Article: Food and Ag Policy Briefing 24 August
Last week we reported on how the United States Cattlemen's Association (USCA) has joined low-carb advocates in calling on federal agencies to delay the 2020-2025 Dietary Guidelines for Americans (DGA) until they include advice for Americans who suffer from diet-related chronic disease.

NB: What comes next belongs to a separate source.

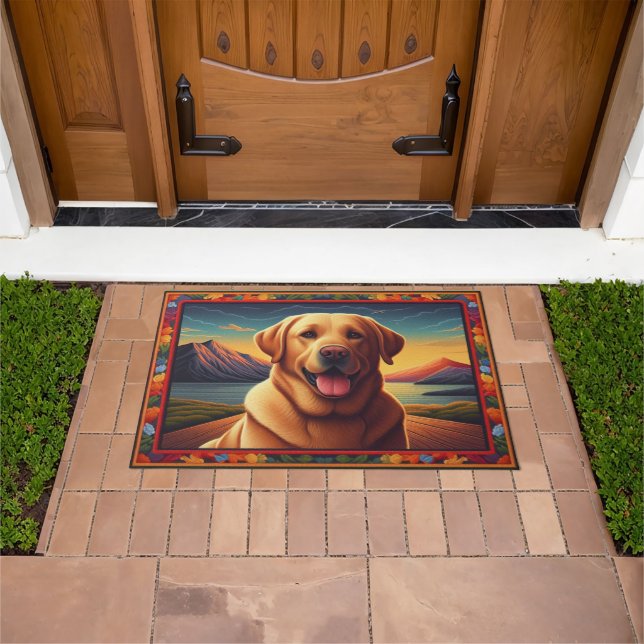 Tapete Labrador Retriever Dog Landscape Floral Frame (Ar livre)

The guidelines, which are being drafted by the US Department of Health and Human Services (HHS) and USDA, will be based on a scientific report with the latest research on nutrition and healthy eating.
The report, however, is focused on prevention, and its conclusions were based on studies that focused on healthy consumers - an issue that low-carbohydrate diet advocates say is problematic because an estimated 60% of Americans suffer from diet-related conditions, such as excessive weight, obesity or type 2 diabetes.
Speaking to the Dietary Guidelines Advisory Committee (DGAC) and agency officials, advocates for diets that are rich in protein and low in carbohydrates, along with USCA, urged the agencies to hold off on finalizing the guidelines and rethink the scope of advice they offer.
The seafood industry and advocates have clashed in their views on what seafood advice should look like in the next DGA.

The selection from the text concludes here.